▶ Exercise objective
Below are the entries. Transcribe exactly the lines from the one with "A man in casual" through the one with "カシミヤ混ピンヘッドジャケット【セットアップ可/ビジネス対応 カシミヤ混ピンヘッドジャケット【セットアップ可/ビジネス対応", ends included, and leave out all others.

▶ Data for analysis
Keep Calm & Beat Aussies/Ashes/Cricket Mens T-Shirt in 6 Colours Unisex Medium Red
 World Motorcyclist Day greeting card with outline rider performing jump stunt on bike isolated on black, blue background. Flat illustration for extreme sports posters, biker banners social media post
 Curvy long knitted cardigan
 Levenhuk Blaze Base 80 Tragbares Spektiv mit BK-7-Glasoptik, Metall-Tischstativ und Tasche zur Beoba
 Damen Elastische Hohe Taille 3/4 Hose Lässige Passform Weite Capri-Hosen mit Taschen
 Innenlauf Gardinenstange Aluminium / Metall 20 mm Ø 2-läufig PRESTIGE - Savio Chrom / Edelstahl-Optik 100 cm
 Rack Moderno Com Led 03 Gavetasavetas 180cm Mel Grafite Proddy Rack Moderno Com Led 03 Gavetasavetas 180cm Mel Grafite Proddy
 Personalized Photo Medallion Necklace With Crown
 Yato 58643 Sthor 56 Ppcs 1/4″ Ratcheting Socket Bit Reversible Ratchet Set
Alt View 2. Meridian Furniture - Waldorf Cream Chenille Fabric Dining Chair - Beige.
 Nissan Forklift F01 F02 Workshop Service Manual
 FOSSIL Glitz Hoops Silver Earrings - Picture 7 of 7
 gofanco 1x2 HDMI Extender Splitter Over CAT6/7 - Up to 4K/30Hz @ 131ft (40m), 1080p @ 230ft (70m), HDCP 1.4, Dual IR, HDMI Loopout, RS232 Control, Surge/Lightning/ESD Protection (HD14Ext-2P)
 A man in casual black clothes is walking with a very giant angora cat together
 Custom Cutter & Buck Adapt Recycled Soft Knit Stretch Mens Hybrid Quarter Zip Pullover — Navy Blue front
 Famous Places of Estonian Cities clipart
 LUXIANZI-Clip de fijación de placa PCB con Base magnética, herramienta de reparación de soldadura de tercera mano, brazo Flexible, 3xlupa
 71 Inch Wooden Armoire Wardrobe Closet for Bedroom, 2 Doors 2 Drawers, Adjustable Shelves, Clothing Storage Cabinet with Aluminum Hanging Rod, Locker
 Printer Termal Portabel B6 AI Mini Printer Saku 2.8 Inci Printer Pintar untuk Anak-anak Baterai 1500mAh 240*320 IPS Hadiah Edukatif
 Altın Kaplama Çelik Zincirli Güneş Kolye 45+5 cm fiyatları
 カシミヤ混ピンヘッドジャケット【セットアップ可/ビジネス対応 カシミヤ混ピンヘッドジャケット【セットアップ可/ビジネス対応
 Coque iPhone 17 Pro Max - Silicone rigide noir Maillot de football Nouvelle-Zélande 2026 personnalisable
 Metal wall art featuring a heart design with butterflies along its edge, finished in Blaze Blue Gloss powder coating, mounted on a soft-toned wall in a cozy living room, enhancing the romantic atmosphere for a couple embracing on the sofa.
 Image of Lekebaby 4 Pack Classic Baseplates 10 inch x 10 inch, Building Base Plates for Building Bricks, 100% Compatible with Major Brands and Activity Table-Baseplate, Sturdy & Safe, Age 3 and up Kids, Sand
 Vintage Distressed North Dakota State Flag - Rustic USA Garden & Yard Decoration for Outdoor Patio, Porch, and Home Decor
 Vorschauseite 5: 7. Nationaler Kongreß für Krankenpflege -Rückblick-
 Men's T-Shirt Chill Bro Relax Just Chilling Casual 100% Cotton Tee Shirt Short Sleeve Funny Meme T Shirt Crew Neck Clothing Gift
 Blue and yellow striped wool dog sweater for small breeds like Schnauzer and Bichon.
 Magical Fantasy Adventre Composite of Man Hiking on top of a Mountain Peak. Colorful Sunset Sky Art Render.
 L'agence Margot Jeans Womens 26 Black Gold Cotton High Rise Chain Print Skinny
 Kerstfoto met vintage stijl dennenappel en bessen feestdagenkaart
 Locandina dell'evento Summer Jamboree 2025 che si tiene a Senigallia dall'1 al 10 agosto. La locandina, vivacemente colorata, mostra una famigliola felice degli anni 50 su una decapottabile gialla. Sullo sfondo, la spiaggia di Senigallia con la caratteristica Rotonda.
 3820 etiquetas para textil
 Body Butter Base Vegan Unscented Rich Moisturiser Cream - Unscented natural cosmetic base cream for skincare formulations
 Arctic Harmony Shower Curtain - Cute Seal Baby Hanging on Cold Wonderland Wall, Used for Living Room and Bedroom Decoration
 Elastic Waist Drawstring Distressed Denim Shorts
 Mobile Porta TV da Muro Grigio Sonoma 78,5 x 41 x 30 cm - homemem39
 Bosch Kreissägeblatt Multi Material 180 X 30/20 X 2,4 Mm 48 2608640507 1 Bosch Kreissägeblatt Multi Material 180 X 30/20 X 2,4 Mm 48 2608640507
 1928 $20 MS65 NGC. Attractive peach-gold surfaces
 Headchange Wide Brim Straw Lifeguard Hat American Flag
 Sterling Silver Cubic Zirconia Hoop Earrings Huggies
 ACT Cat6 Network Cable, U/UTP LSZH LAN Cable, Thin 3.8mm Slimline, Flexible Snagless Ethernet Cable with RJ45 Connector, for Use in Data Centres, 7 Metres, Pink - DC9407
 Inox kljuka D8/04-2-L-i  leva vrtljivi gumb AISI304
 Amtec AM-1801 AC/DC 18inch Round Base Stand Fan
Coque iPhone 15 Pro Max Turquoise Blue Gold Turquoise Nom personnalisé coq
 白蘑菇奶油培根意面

▶ Answer section
 A man in casual black clothes is walking with a very giant angora cat together
 Custom Cutter & Buck Adapt Recycled Soft Knit Stretch Mens Hybrid Quarter Zip Pullover — Navy Blue front
 Famous Places of Estonian Cities clipart
 LUXIANZI-Clip de fijación de placa PCB con Base magnética, herramienta de reparación de soldadura de tercera mano, brazo Flexible, 3xlupa
 71 Inch Wooden Armoire Wardrobe Closet for Bedroom, 2 Doors 2 Drawers, Adjustable Shelves, Clothing Storage Cabinet with Aluminum Hanging Rod, Locker
 Printer Termal Portabel B6 AI Mini Printer Saku 2.8 Inci Printer Pintar untuk Anak-anak Baterai 1500mAh 240*320 IPS Hadiah Edukatif
 Altın Kaplama Çelik Zincirli Güneş Kolye 45+5 cm fiyatları
 カシミヤ混ピンヘッドジャケット【セットアップ可/ビジネス対応 カシミヤ混ピンヘッドジャケット【セットアップ可/ビジネス対応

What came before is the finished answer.